Mit "er" und "Scharfmacher" meinen Sie vermutlich Herrn Weselsky von der GDL, den man ja medial längst zum Buhmann hochstilisiert hat. Sie vergessen dabei aber, dass die EVG sogar 6% fordert und Sie vergessen, dass Streiks nicht von einzelnen Personen gemacht werden, sondern nur nach einer Urabstimmung stattfinden können, wenn sich mindestens 75% der Gewerkschaftsmitglieder dafür ausgesprochen haben. Gewerkschaftsführer wird man nicht, um "Rücksicht" zu üben, sondern ausschließlich, um die Interessen der Gewerkschaftsmitglieder so gut wie möglich zu vertreten.
Age Krüger
Ich hätte mich sehr gefreut, wenn es bei verdi bei Verhandlungen im pflegerischen oder pädagogischem Bereich solche Gewerkschaftsführer gegeben hätte.

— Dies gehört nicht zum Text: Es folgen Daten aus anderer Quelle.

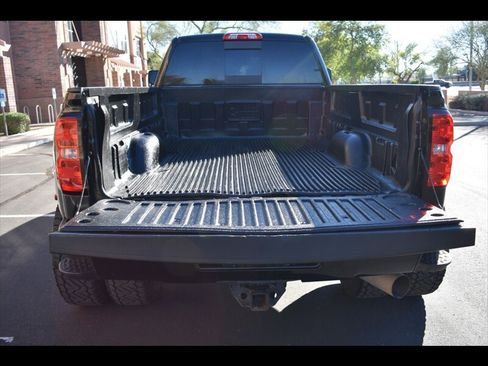 Used 2018 GMC Sierra 3500 Denali image 21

Aber beim Arbeitskampf von verdi für die Erzieher, dass die GdL auch Auswirkungen für die Einheitsgewerkschaften hat.
amigo
Kann es sein, dass sich der Streit bald von selbst erledigt, weil der Bahn genervte Kunden wegfallen und es dadurch zu betriebsbedingten Kündigungen kommt?
Rainer B.
@amigo Die Bahn hat doch im "normalen" Betrieb schon zu wenig Lokführer. Ein Grund für den Streik ist ja die grenzwertige Überstunden-Praxis bei der Bahn.
Tecumseh
@Rainer B. heißt also, vor betriebsbedingten Kündigungen käme Überstundenabbau.
Rainer B.
Betriebsbedingte Kündigungen von Lokführern kämen nur dann infrage, wenn die Bahn den Lokverkehr ganz oder teilweise einstellen, oder auf vollautomatische Systeme umstellen würde.
Da die Bahn ein bundeseigenes Unternehmen ist, müssten derartige Weichenstellungen in jedem Fall vorher vom Parlament verabschiedet werden - ansonsten kämen sie einem Staatsstreich gleich.